Jan. 6 committee subpoenas Kevin McCarthy, other GOP members for testimony
Reps. Jim Jordan and Mo Brooks are among the others subpoenaed.
The House select committee investigating the Jan. 6 attack subpoenaed House Minority Leader Kevin McCarthy and four other Republican members of Congress on Thursday for testimony about events surrounding the Capitol riot and efforts to overturn the 2020 election.
McCarthy and the other members -- Reps. Jim Jordan of Ohio, Andy Biggs of Arizona, Mo Brooks of Alabama and Scott Perry of Pennsylvania -- had rejected the committee's voluntary requests for cooperation in recent months.

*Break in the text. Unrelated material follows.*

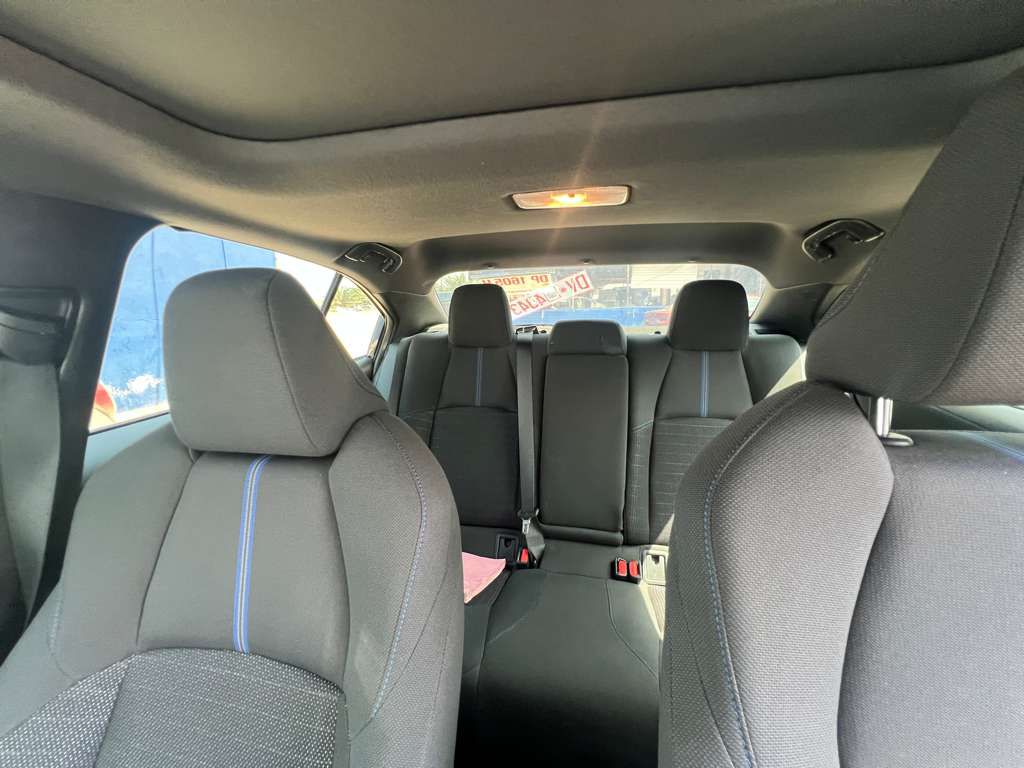 TOYOTA COROLLA SE2021 MODEL ACCIDENT FREE LOCAL: ACCRA GHC 290K (NEGOTIABLE)VERY NEAT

"Before we hold our hearings next month, we wished to provide members the opportunity to discuss these matters with the committee voluntarily," Committee Chair Bennie Thompson (D-Miss.) said in a statement regarding the subpoenas. "Regrettably, the individuals receiving subpoenas today have refused and we're forced to take this step to help ensure the committee uncovers facts concerning January 6th. We urge our colleagues to comply with the law, do their patriotic duty, and cooperate with our investigation as hundreds of other witnesses have done."
In Thompson's letter informing McCarthy of the subpoena, which the committee chair released to the media, Thompson said, in part, "The Select Committee has tremendous respect respect for the prerogatives of Congress and the privacy of its members. At the same time, we have a solemn responsibility to investigate fully the fact and circumstances of the violent attack on the United States Capitol and issues relating to the peaceful transfer of power."
The subpoenas mark a dramatic escalation in the committee's tactics and follow weeks of internal debate over whether to try to force Republicans to testify behind closed doors about their conversations with former President Donald Trump and involvement in various parts of the effort to overturn the election and contest the certification of the results.
The Republican members are unlikely to comply with the requests, which could prompt a legal -- and, at minimum, political -- battle with McCarthy and other lawmakers who are expected to be in the majority next year and in position to seek retribution.
The committee is expected to begin a series of public hearings on their investigation next month, ahead of issuing a final report on their inquiry in the fall. The report will be the product of nearly 1,000 interviews, and tens of thousands of pages of records obtained by investigators.